The workshop centred around the fact that technology significantly transformed the availability of information and data, and how Advanced Analytics allows for an in-depth understanding of patterns in data, making automation of many manual processes possible. These are vital skills within the broader ecosystem of Data Science. Statistical training programmes should include the latest knowledge and skills, combined with core fundamental principles and scientific foundations, while also balancing research contributions with the practical implementation, according to Prof Nolan.
Therefore, modern training programmes are essential to providing future candidates with a broad understanding and creative research interest and it was within this context that the workshop was shaped. Prof Nolan was invited to share her experience and expertise with colleagues from the statistical community. This hands-on training workshop considered content for statistic programmes and non-traditional skills transfer within the framework of Data Science.

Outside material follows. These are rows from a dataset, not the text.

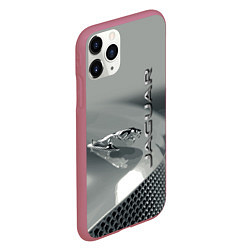 Чехол iPhone 11 Pro матовый Jaguar - капот - эмблема, цвет: 3D-малиновый — фото 2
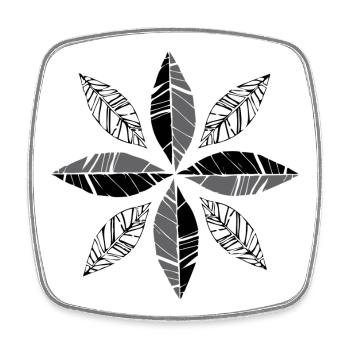 Feuilles Étoile - Magnet carré - blanc - Devant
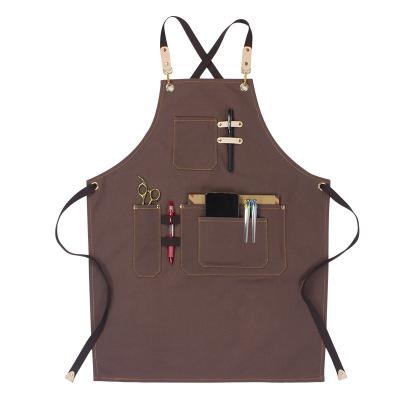 China Cleaning Canvas Apron Customized by Coffee Shop Thickened Wearable Restaurant Print Korean Fashion for sale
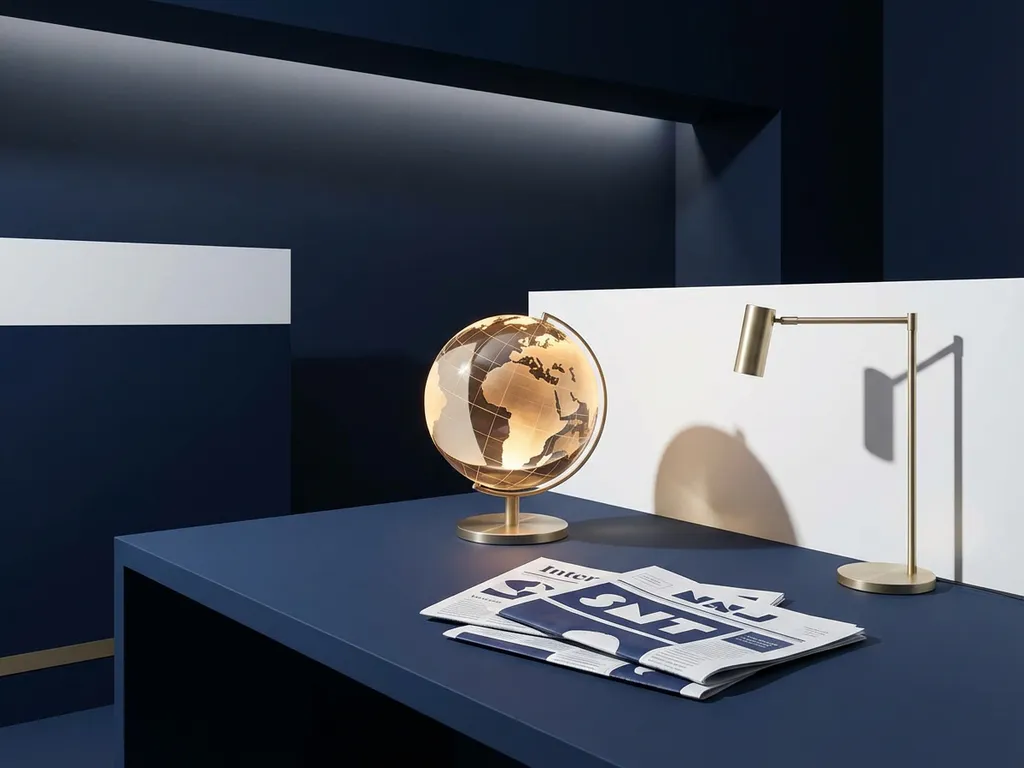 Скляна глобус з підсвіченими континентами на столі редакції серед міжнародних газет під настільною лампою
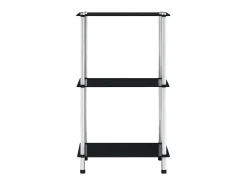 Estantería 3 niveles cristal templado negro 40x40x67 cm ES947582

In her presentations, Prof Nolan covered areas including Teaching Statistics within the Broader Context of Data Science and The Data Life Cycle: A Case Study. She emphasised that every time the amount of data increased by a factor of 10, one should completely rethink how it should be analysed. She encouraged lecturers to infuse the statistics curriculum with data science, thereby resulting in students becoming better statisticians.
Prof Andriëtte Bekker, Head of the Department of Statistics at UP, commented that: ‘The digital realm of recent years has expanded with rigorous intensity, and along with its expansion, the need created by mankind to cater for itself in terms of its data requirements. It was a privilege to host Prof Nolan and learn from her vast area of expertise. Her suggestions to incorporate data science in the statistics curriculum will be implemented at the Department of Statistics in the near future.’